I don’t think O’Neill has any ulterior motives when he does this; he just wants to do whatever he can to hopefully help Northern Ireland reach a World Cup or a European Championship.
Earlier this week, Michael O’Neill, said he thought some players who were born in the North of Ireland but who have since declared for the Republic of Ireland made poor choices.
“Marc Wilson had his problems, James (McClean) has had his problems, Darron Gibson has certainly not played anywhere near as much for the Republic of Ireland as he would have done for Northern Ireland,” said O’Neill.
“Daniel Kearns, I feel a bit sorry (for). He was, possibly, a young lad that was put in a position that maybe the association shouldn’t have put him in.
“As a player at 17 or 19, to change your allegiance without any potential promise of a full international career, I think there’s a moral issue there. I don’t think that’s to the benefit of a player’s career. And I think there is a moral aspect, as an association, to make sure that the interest is genuine.”
It would be far too easy for me to defend the concept if Irish identity and totally discredit Michael O’Neill but if I am honest, I think he has a point.

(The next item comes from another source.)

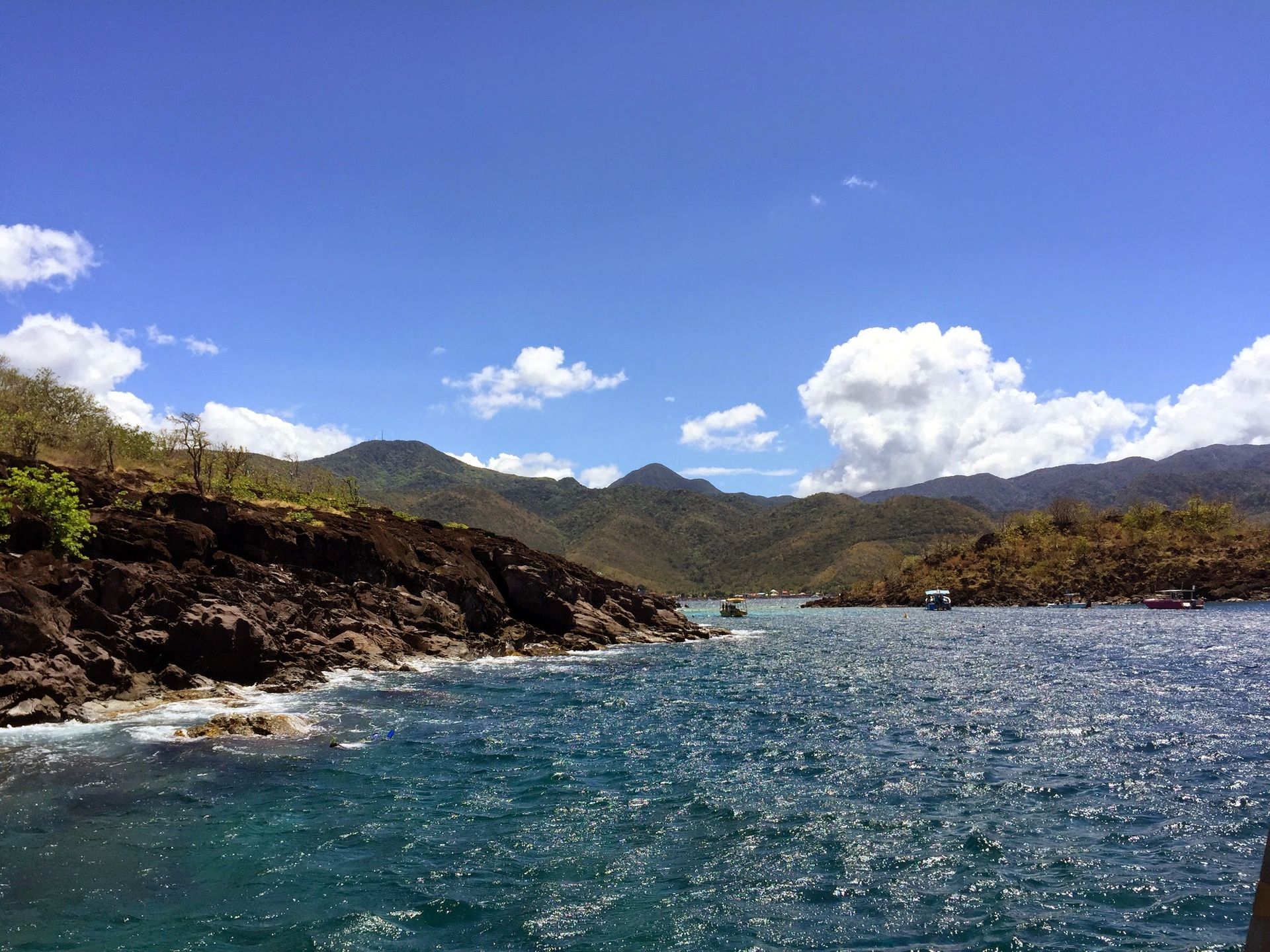 Guadeloupe coast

Antrim born Marc Wilson, who looks set to start for the Republic of Ireland against Sweden on Friday, hit back at O’Neill, telling him to mind his own business and insisting that he didn’t chose to play for Ireland to further his career.
“I don’t know how he [Michael O’Neill] could say we would have had a better career if we chose to play for Northern Ireland to be honest,” said Wilson.
“I think that’s none of his business. You don’t pick your country for a career, definitely not.”
I can see why O’Neill feels so strongly about someone like Wilson. If Wilson felt so strongly about his Irish identity then why did he represent Northern Ireland at underage level.
The same can be said about Derry born duo James McClean and Shane Duffy (both of whom represented Northern Ireland at U21 level). If they are and I can only imagine, were, proud to be Irish then why represent Northern Ireland?
It’s simple. Circumstances change and whilst most footballers won’t probably admit it, if they are well within their rights to switch to a country they are more likely to experience success with they will grab that chance with both hands. You, I and even Michael O’Neill would do the same if we were in that situation. There’s no law in football to say a footballer can’t change his mind.
Whilst Irish identity plays a part in a player’s decision to declare for the Republic of Ireland, I think it’s totally disingenuous for anyone to say that they don’t pick their country for a career.
If Marc Wilson was eligible to play for Brazil, Italy or even Spain, I wonder would he be so enthusiastic about singing Amhrán na bhFiann.
Michael O’Neill is right when he says that there is a moral issue that needs to be discussed when it comes to players from the North declaring for Ireland but that’s all it can be... a discussion.
Unless a player born in the North of Ireland has represented Northern Ireland competitively then he is free to switch allegiance to the Republic of Ireland. No one ever said you had to like the rules...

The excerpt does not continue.